The Fashion Folder: Fresh from the Wash

Google+ Pinterest LinkedIn Tumblr +

By Roxy Rowton

Like many rooms in today’s modern home, the laundry room has undergone a dramatic makeover. Not so long ago this pragmatic but vital household task was consigned to a small room or shared a compact space with other routine domestic chores. Today’s modern laundry room with its bright, airy space and equipment designed with up-to-the-minute conveniences, makes the task of clothes-keeping simpler and more enjoyable.

Many of the clothing items in our wardrobes are machine washable and dryer safe. However, there isn’t anything more disappointing to a fashionista than to pull from the washing machine or dryer a favorite piece of clothing that has been ruined because of improper laundering. For clothing sold within the U.S., manufacturers are required to include a care tag that provides general information about the method of care. But is this the only method or the safest way to care for our garments?

A good grasp of basic clothes-keeping practices is a fashionista’s first line of protection against laundry mishaps. The fine art of laundry includes familiarity with fabric identification, colorfastness, stain treatment, laundry detergent, water temperature and machine agitation. The fabric and color of a garment are key factors to determine the desirable or appropriate laundering method.

Begin the laundry by sorting the wardrobe into color categories of whites, brights, and darks; followed by separation into categories of heavy, light and delicate before washing. While sorting, empty pockets, unroll cuffs, button buttons, zip zippers, tie drawstrings, and snap snaps to prevent garments from twisting or tangling during the wash process or other mishaps. Tackle any spots, spills or stains before laundering. There is no one product or technique that’s ideal for the treatment of stains. Keep a fabric care glossary close at hand for a reference to pre-treating stains. Finally, clothes are ready for washing. Reference the fabric and color to determine the correct water temperature and agitation for the wash/spin cycle.

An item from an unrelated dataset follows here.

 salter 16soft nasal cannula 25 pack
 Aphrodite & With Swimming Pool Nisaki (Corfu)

When the wash cycle is completed, tumble dry or air dry garments. Shrinkage, color fading and fiber breakdown are caused by heat—whether the heat source is from hot water during washing or the dryer. Clothes should tumble dry on a medium to low setting in the dryer. Delicate garments are better served by air drying or at minimum using a “cool air only” cycle on the dryer. Any garment that can be tumble-dried can also be hung to dry on a clothesline outdoors or a drying rack in the laundry room. This is a kinder, gentler method of clothes-keeping.

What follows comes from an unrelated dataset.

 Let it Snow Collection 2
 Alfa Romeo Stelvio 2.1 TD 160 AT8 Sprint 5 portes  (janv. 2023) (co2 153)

A few words about hand-washing versus dry cleaning: According to, 90 percent of garments labeled “dry clean only” can be washed at home. Many garment manufacturers label the care tag “dry clean only” because it reduces the risk of a ruined or damaged clothing item because of improper at-home laundering methods. Contrary to care tags that recommend “dry care only,” many fabrics from gauzy linens to delicate silks and woolens can be laundered by hand washing or machine washing on a delicate or woolen cycle. However, there are a small quantity of garments that should not washed by machine or hand. (Suiting, leather, suede, acetate, and fur are better left in the care of professional dry cleaners.)

Mastery in the fine art of laundry ensures garments smell fresher, retain color better, and hold shape longer. Good practices of clothes-keeping help ensure the wardrobe of the fashionista or pragmatist looking and wearing at its best.

Wardrobe and style consultant Roxy L. Rowton ( spends much of her workweek in the closet or the fitting room helping women look and feel their very best. She has two-plus decades in the fashion, apparel, and beauty industries. 


Comments are closed.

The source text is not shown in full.